Blair erhielt in seinem nordostenglischen Wahlkreis Sedgefield zwar sechs Prozentpunkte weniger als 2001, kam aber dennoch auf einen Anteil von 58,9 Prozent. Der unabhängige Kandidat Reg Keys, dessen Sohn im Irak-Krieg umkam, erhielt in Blairs Wahlkreis 10,3 Prozent der Stimmen. Der Regierungschef räumte ein, dass der Irak-Krieg die öffentliche Meinung in Großbritannien gespalten habe und Mehrheit für seine Partei deswegen geringer ausgefallen sei.

"Mr. Blair, das ist für den Irak!"

Dies zeigte auch der Wahlsieg des prominenten Kriegsgegners George Galloway im Osten Londons. Er war aus der Labour-Partei ausgeschlossen worden, weil er britische Soldaten dazu aufgerufen hatte, sich dem Irak-Einsatz zu verweigern. Als Kandidat der von ihm neu gegründeten Partei Respect trug er mit 35,9 Prozent der Stimmen den Sieg über die bisherige Labour-Abgeordnete Oona King davon, auf die 34,0 Prozent entfielen. Galloway sagte nach seinem Wahlsieg in einer zornigen Ansprache: "Mr. Blair, das ist für den Irak!"

Das bisherige Übergewicht von 161 Mandaten für Labour schrumpfte nach vorläufigen Berechnungen des britischen Fernsehsenders BBC auf 66. Sky News prognostizierte eine Mehrheit von 64 Sitzen. In London wurde spekuliert, dass Blair bereits in der Mitte der neuen Legislaturperiode das höchste Regierungsamt an den bisherigen Schatzkanzler Gordon Brown abgeben könnte, der seinen schottischen Wahlkreis Kirkcaldy mit 58,1 Prozent gewann.

Tory-Chef Howard gratuliert Blair

Der konservative Oppositionsführer Michael Howard gratulierte Blair. Zugleich bewertete er das Ergebnis seiner Partei als Zeichen einer Trendwende. Howard verteidigte sein Parlamentsmandat im südenglischen Wahlkreis Folkestone mit 53,9 Prozent der Stimmen, 8,9 Prozentpunkte mehr als vor vier Jahren.

Der konservative Politiker Michael Portillo sagte, das Ergebnis werde den innerparteilichen Druck auf Blair verstärken.

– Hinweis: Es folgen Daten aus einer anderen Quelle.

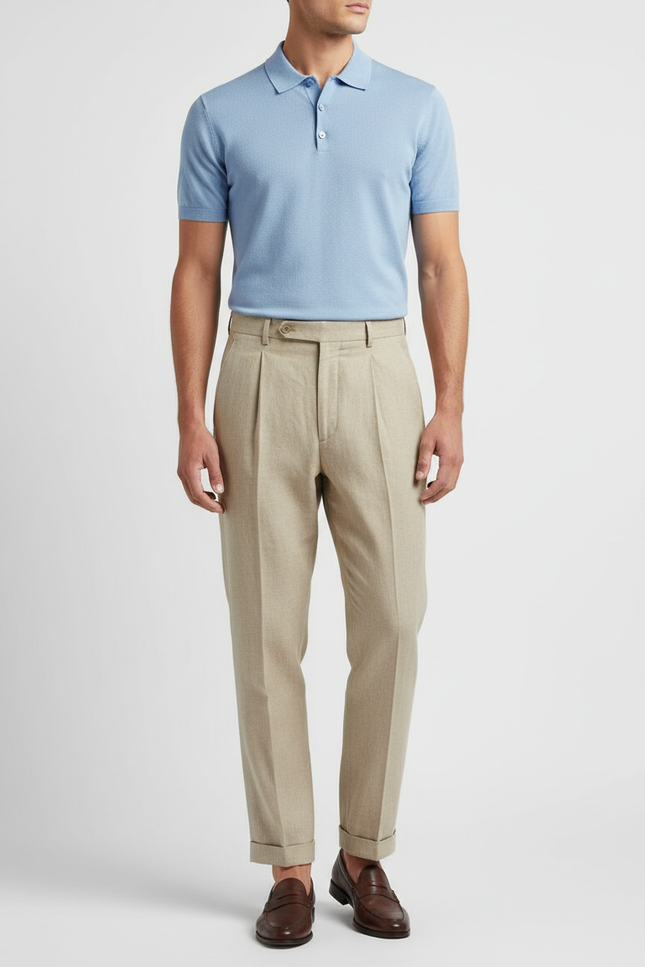 Pantalon À Pince Beige Lin Plissé Droit Léger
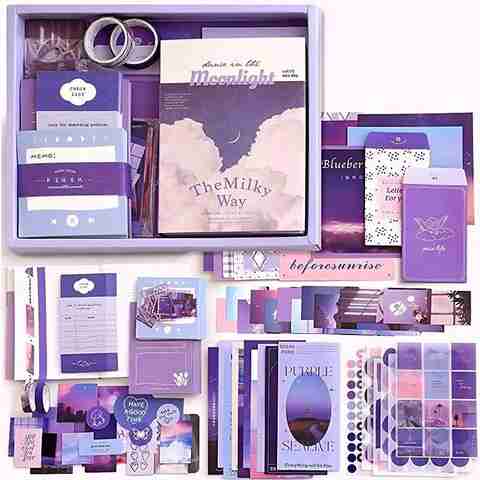 SANCORP 346pcs Journal Supplies Kit Vintage Scrapbook Stickers Pack for ...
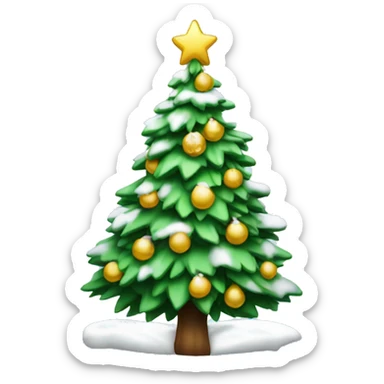 Snowy Christmas tree sticker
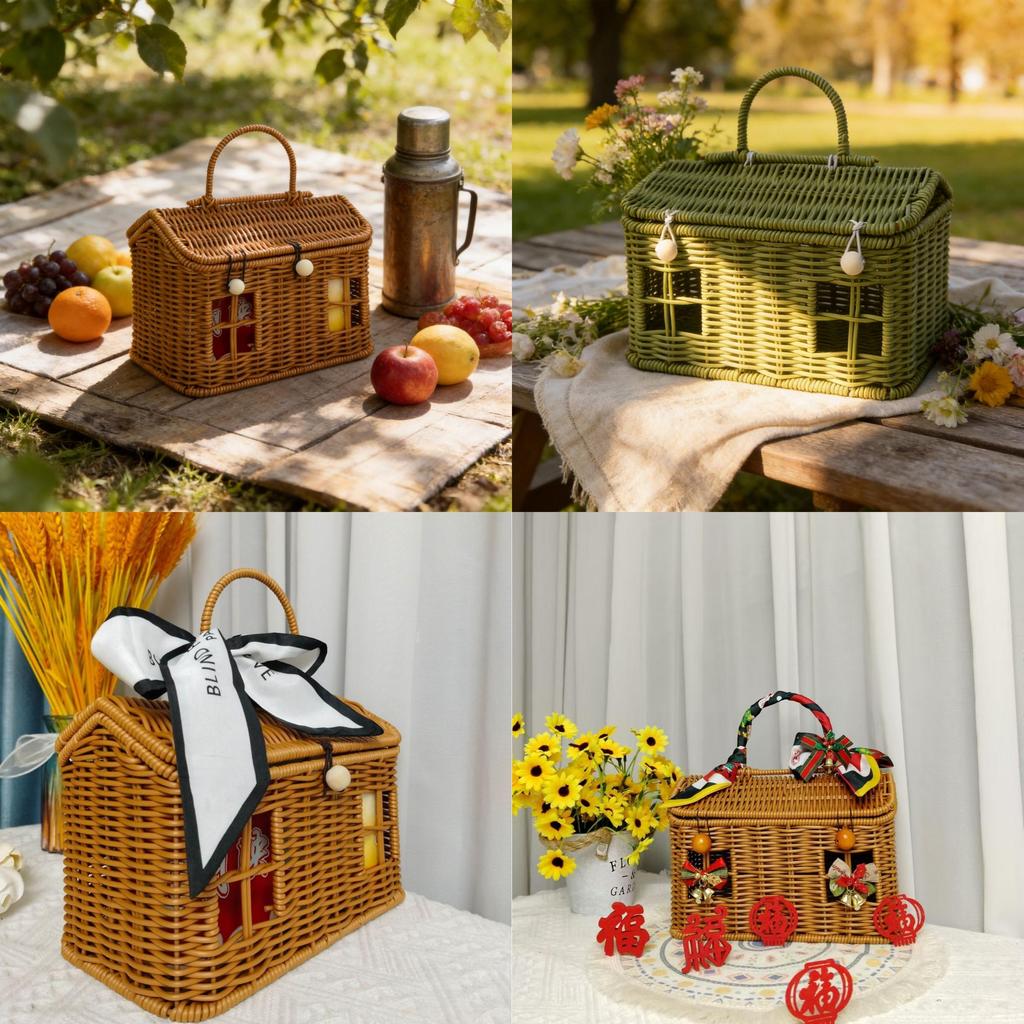 Modern Minimalist Handwoven Basket With Pp Material For Storage And Organizer Use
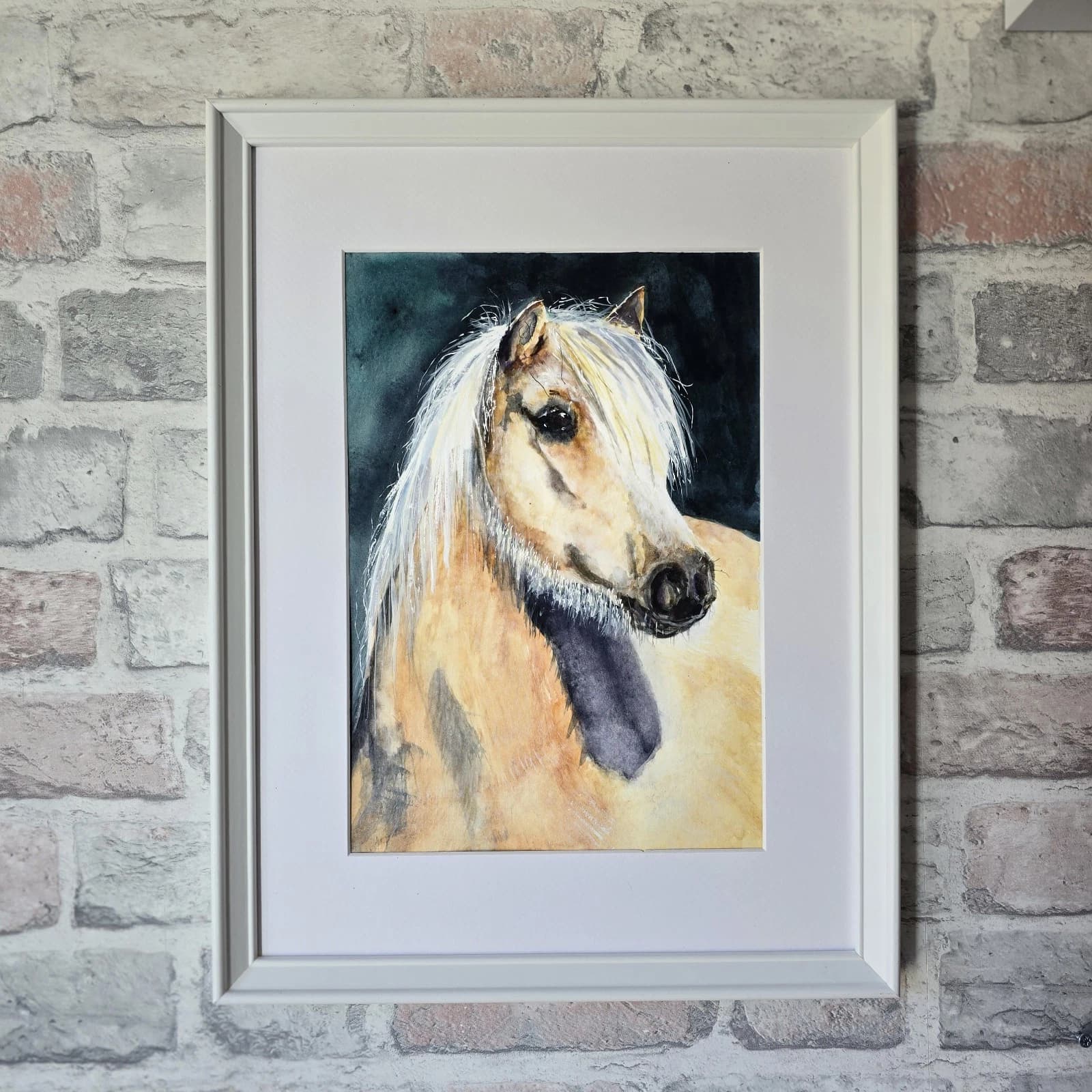 Watercolour Painting Palamino Pony Horse Head thumbnail 13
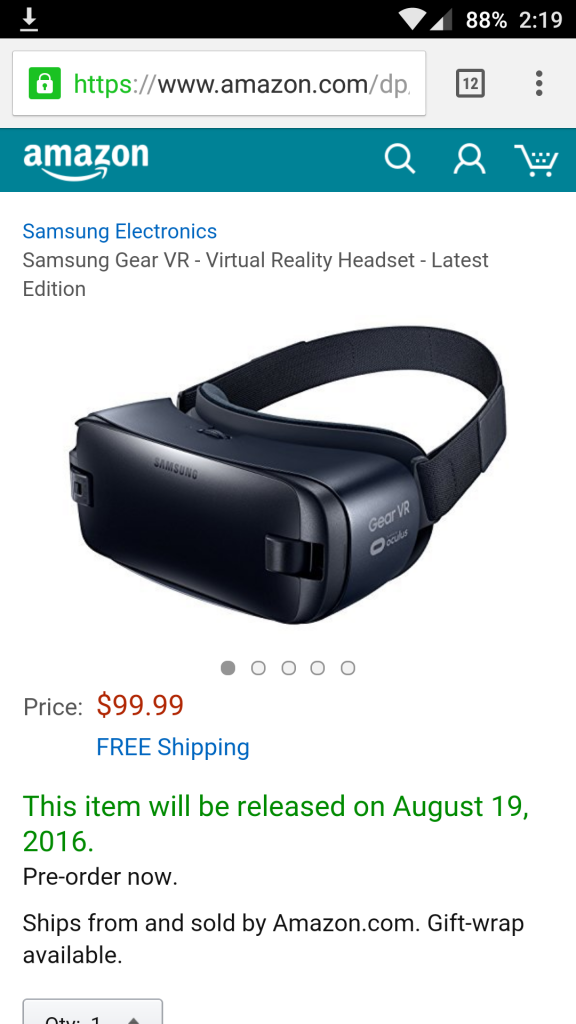 Galaxy Note 7 Gear VR pre-order Amazon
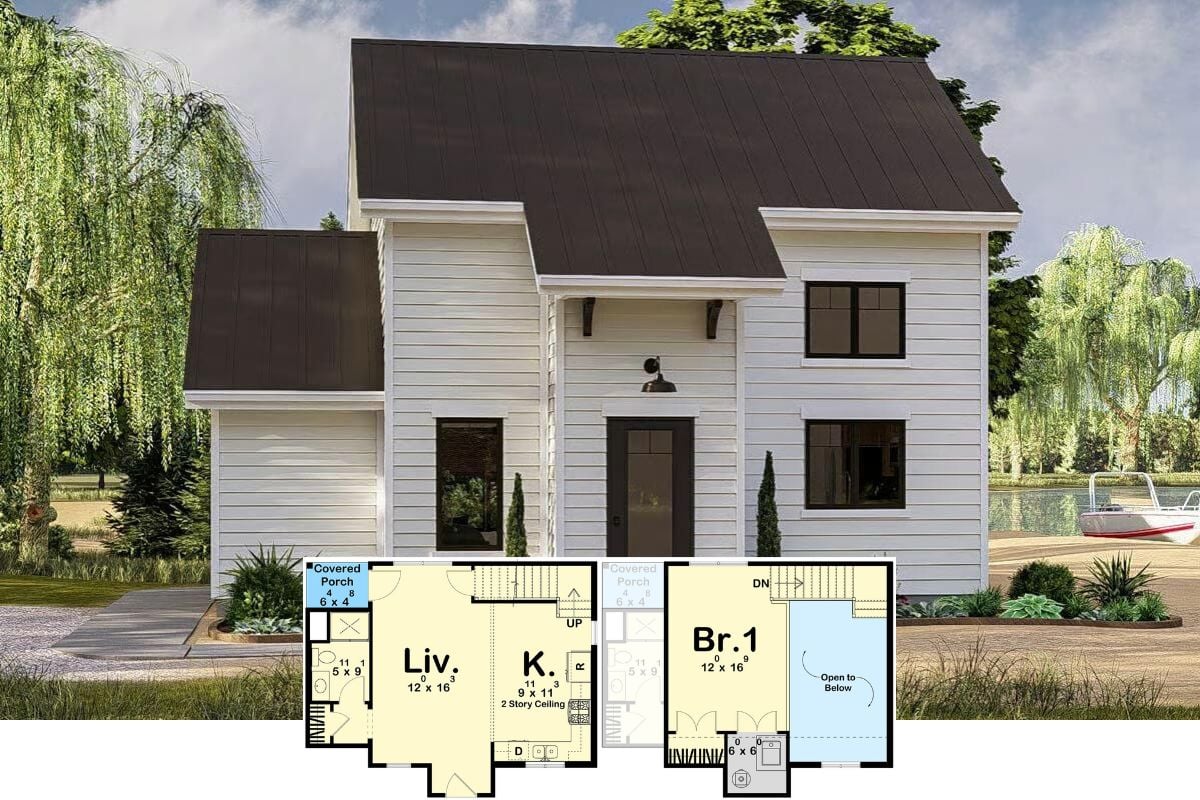 1-Bedroom Cabin Getaway with Covered Patio and Bedroom Loft (Floor Plan)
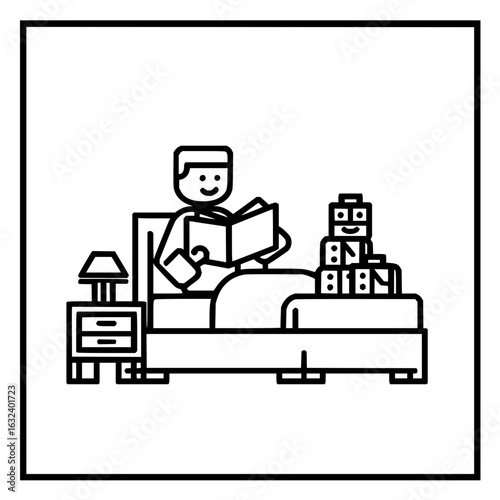 A person reading a book in bed with a bedside table and a stack of blocks in a black and white outline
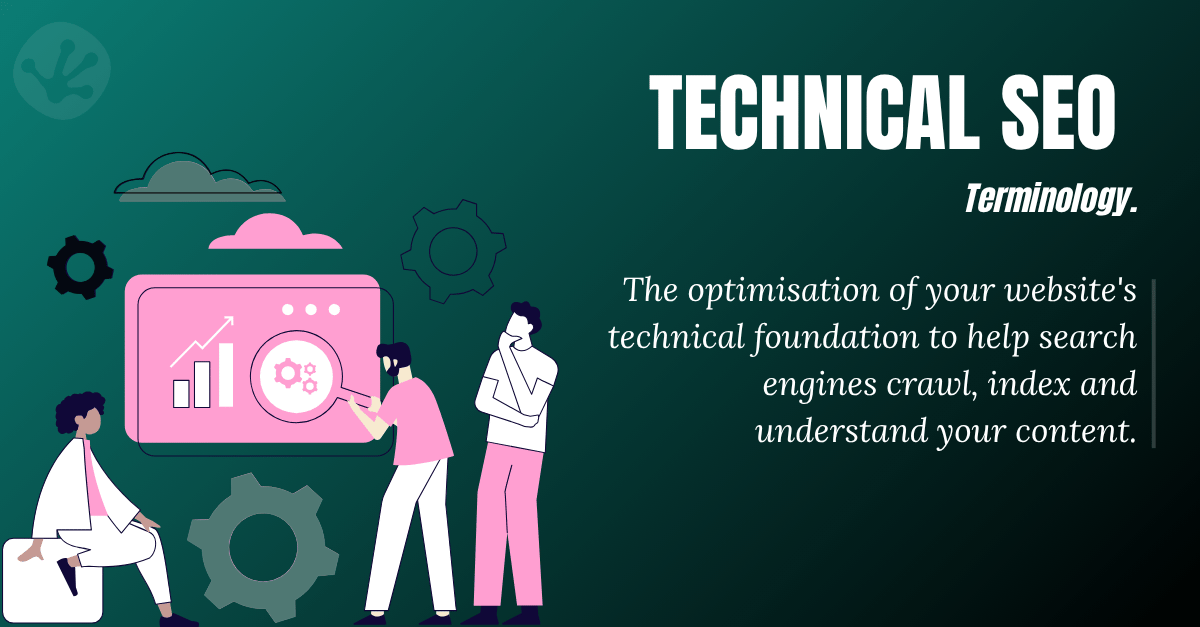 Illustration explaining technical SEO, including website performance, crawlability and search engine indexing.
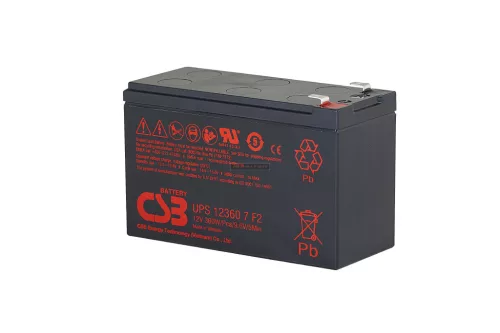 Zselés akkumulátor CSB UPS123607F2 (12V 360W/5min.)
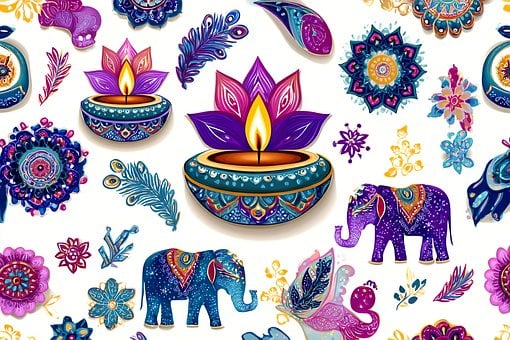 Diwali Vzor, Diwali, Festival, Svítilna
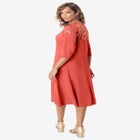 Plus Size 3/4 Sleeve Embellished Boatneck Dress image number null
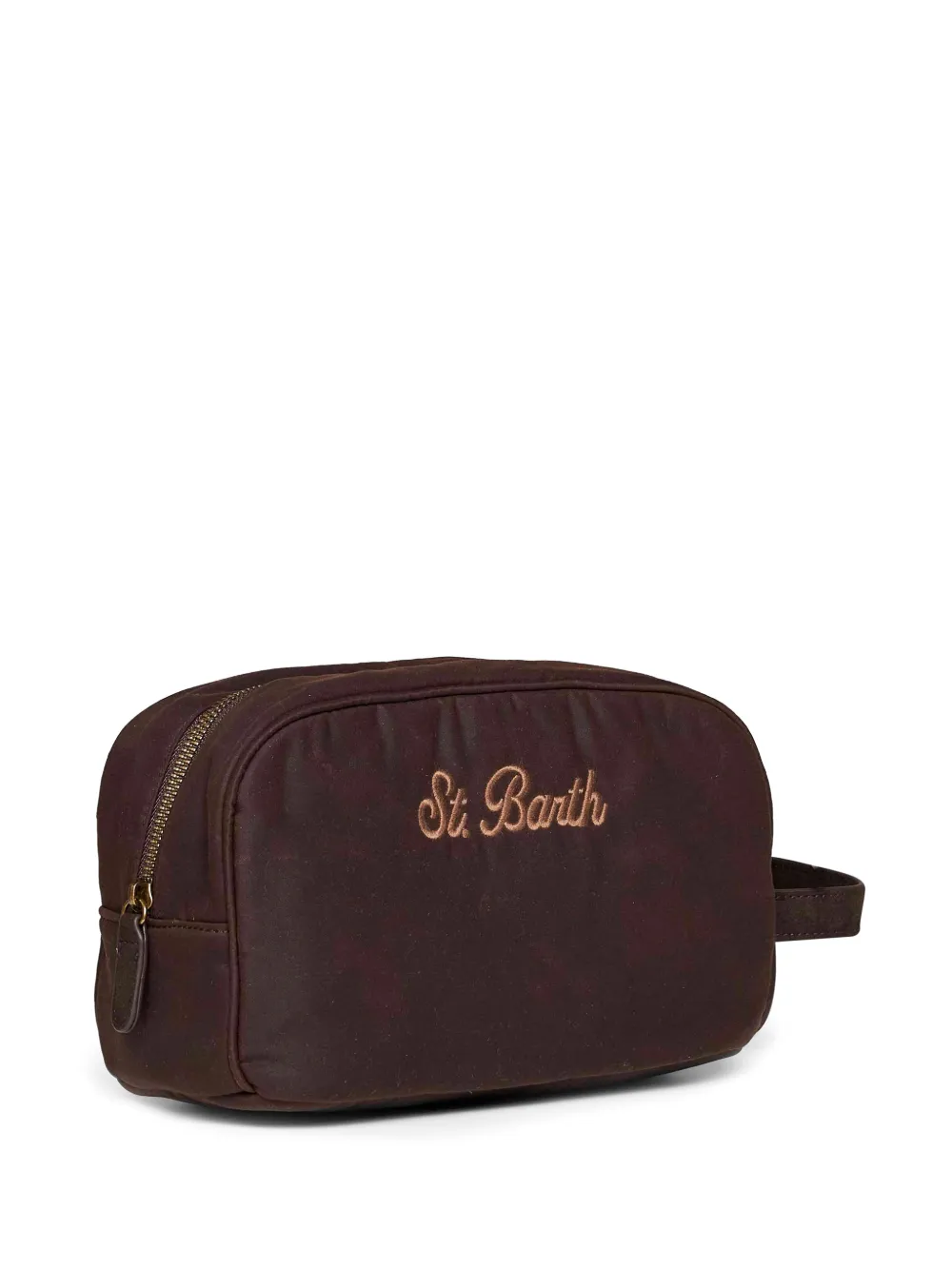 MC2 Saint Barth brown Westwood waxed beauty case with logo embroidery Bruin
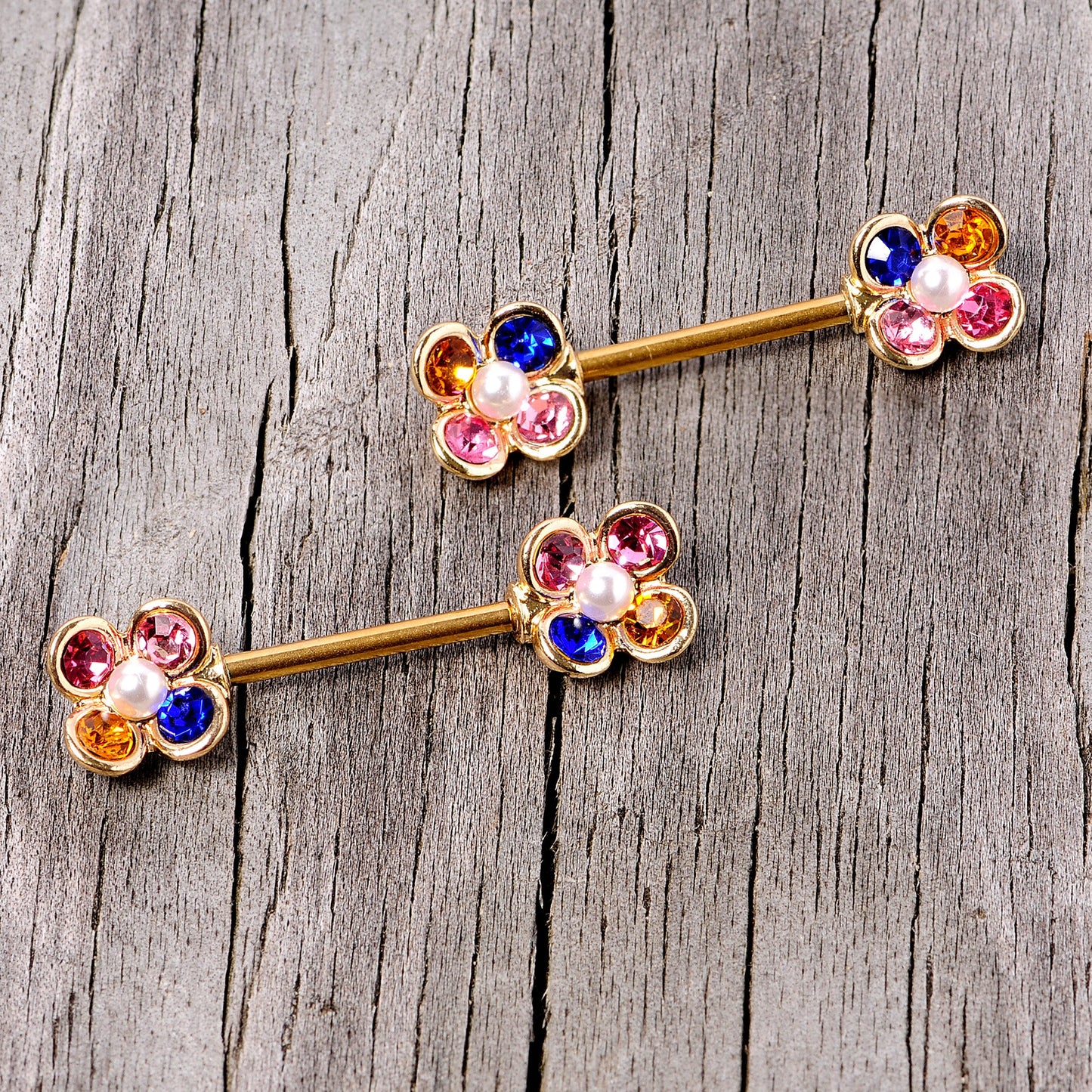 14G 9/16 Pink Blue Gem Gold Tone Flower Barbell Nipple Ring Set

So würden sich die Anhänger Browns schon überlegen, "wie schnell sie Tony Blair aus der Downing Street bringen können". Die Labour-Politikerin Clare Short, die die Regierung im Streit um die Irak-Politik verließ, erklärte, mit einem anderen Spitzenmann hätte ihre Partei ein besseres Ergebnis erzielt. Der Politikwissenschaftler William Jones von der Universität Manchester meinte, eine Mehrheit von weniger als 100 Mandaten würde für Blair eine schwierige Zeit bedeuten.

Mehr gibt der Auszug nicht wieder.